Although it is unclear as to how much of the damages is attributable to care costs, I nonetheless consider that in the unique circumstances of this case the care costs in any event come within the statutory exemption contained within article 11(2) - namely, “provisions necessary to satisfy the basic domestic needs of the bankrupt and his family”.
Conclusion
[23] For the reasons set out above and elsewhere in this judgment, I am led to conclude that the answer to question 1.(i) in the trustee’s application is: no. For the same reasons, I conclude that the answer to question 1.(iv) is also no because the bankrupt was in my judgment free to make payments or financial gifts to third parties from his damages as those monies were personal to him within the context of the 1989 Order, and property excluded by it.

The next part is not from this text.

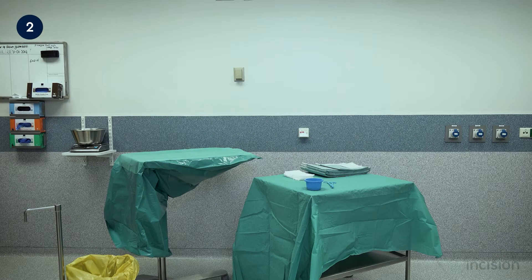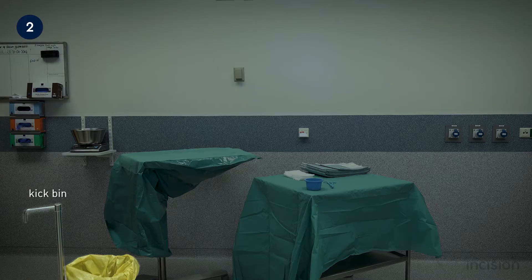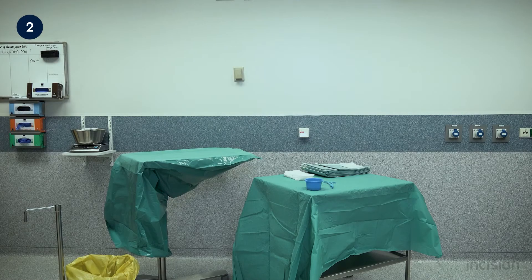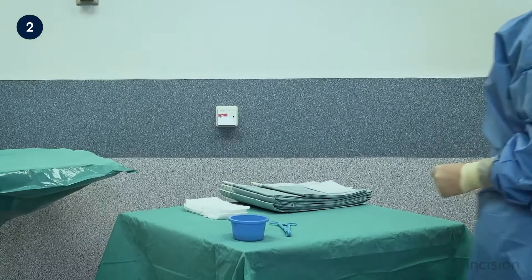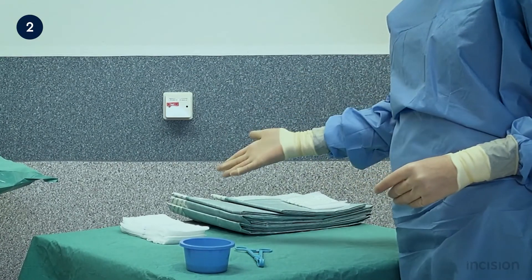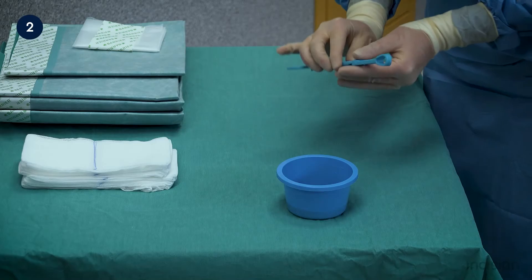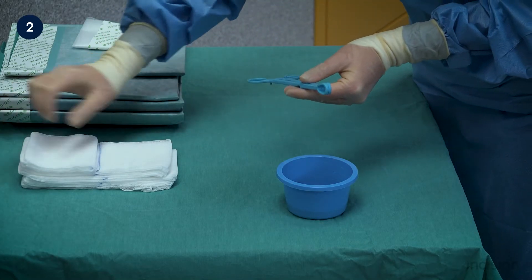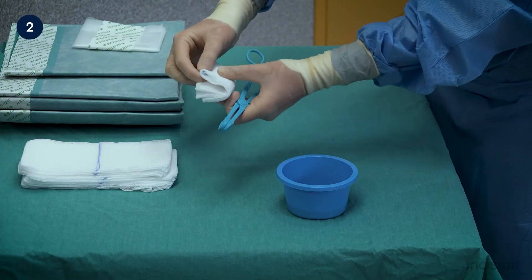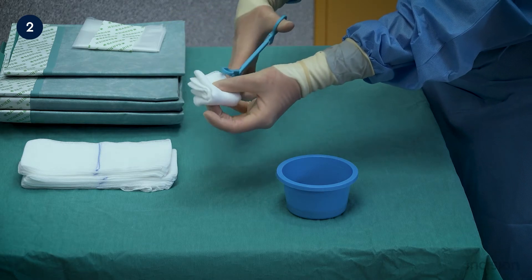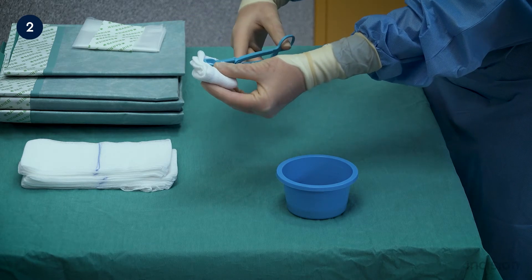Take note of the OR furniture: a kick bin, a mayo stand and OR trolley on which clean implements and drapes have been prepared. Take note of the drapes, sterile gauze swabs, clean container and clamp. An example of how to load the clamp is now shown. A gauze swab is folded and then placed into the teeth of the clamp. This can then be used to clean the patient.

[24] As to the issue of costs, while I am prepared to hear the parties on this issue, I am minded making no order as to costs save that the trustee be entitled to his costs from the bankruptcy estate. I am of the view that because of the level of damages involved, and the unusual factual and chronological background of the case, it was inevitable that the trustee would avail of the provisions of articles 334(1) and 279(2) and request that the court make the determination on this discrete issue. Indeed, I think any responsible bankruptcy trustee would have acted likewise when faced with such an important legal issue. In addition, the issue of the bankrupt having concealed the existence of the damages not only meant that he provided information on his property and affairs to the Official Receiver which was materially inaccurate, but in doing so he also obstructed the Official Receiver in and about the discharge of his statutory duty to investigate the bankrupt’s affairs, and I would not in the circumstances consider it appropriate to award him costs.